## Data for analysis
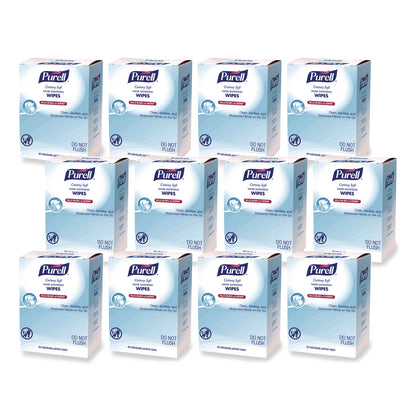 PURELL® Cottony Soft Individually Wrapped Sanitizing Hand Wipes, 5 x 7, Herbal Scent, White, 480/Carton (GOJ902512)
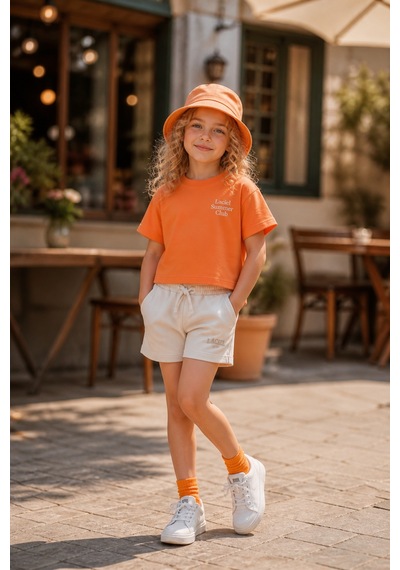 Eray Alp Kids Unisex Çocuk Turuncu Tişört Yazlık Günlük Model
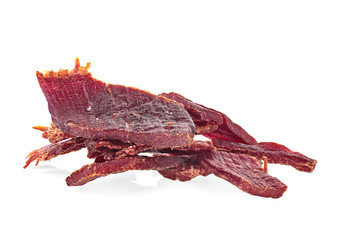 Beef jerky pieces isolated on a white background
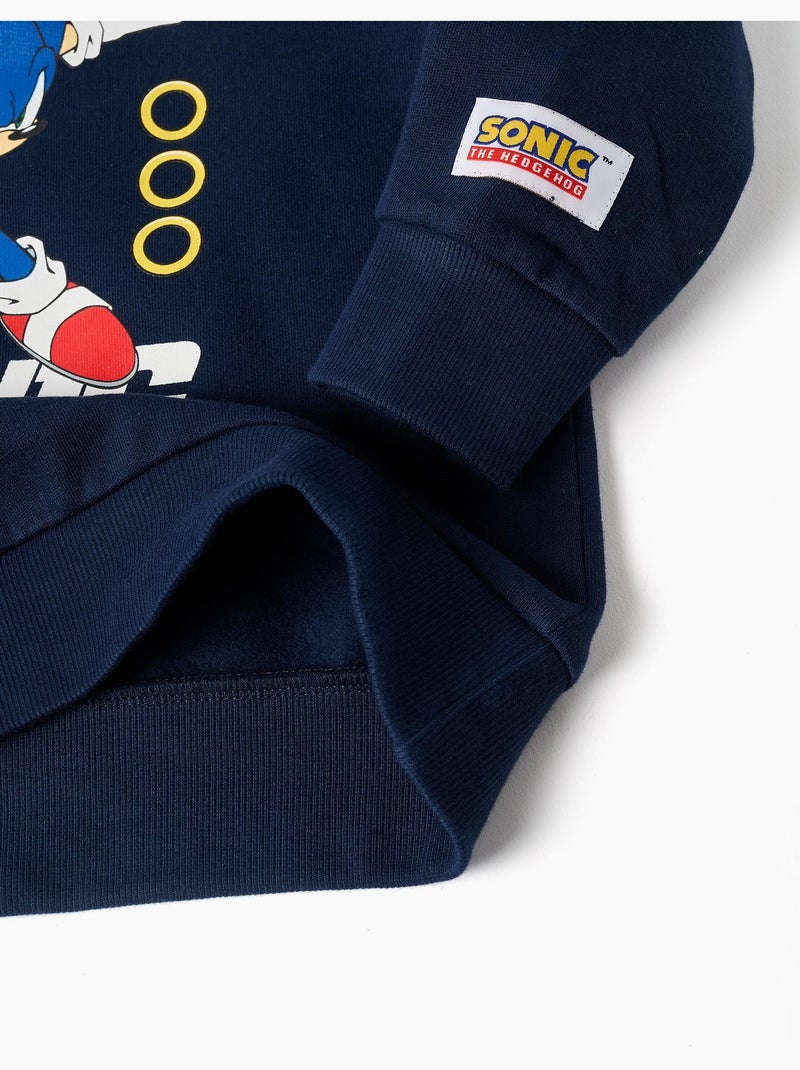 Felpa spazzolata con cappuccio e stampa sonic Blu scuro - Kiabi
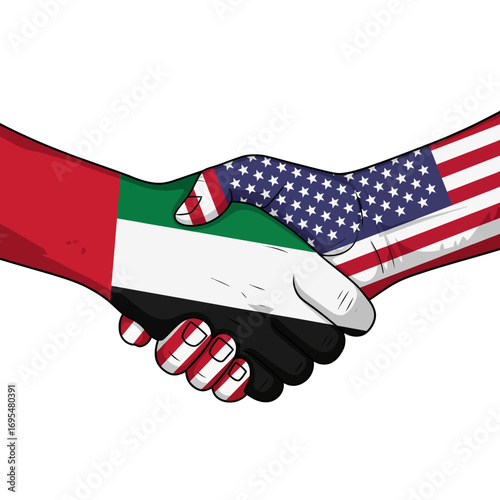 Two hands shaking, one painted with the UAE flag and the other with the USA flag, symbolizing international cooperation and partnership.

## How to complete this task
Copy exactly the lines from the line containing "Beef jerky pieces" through the last line of the records, both included, and omit every picture.

## Output of the task
 Beef jerky pieces isolated on a white background
 Felpa spazzolata con cappuccio e stampa sonic Blu scuro - Kiabi
 Two hands shaking, one painted with the UAE flag and the other with the USA flag, symbolizing international cooperation and partnership.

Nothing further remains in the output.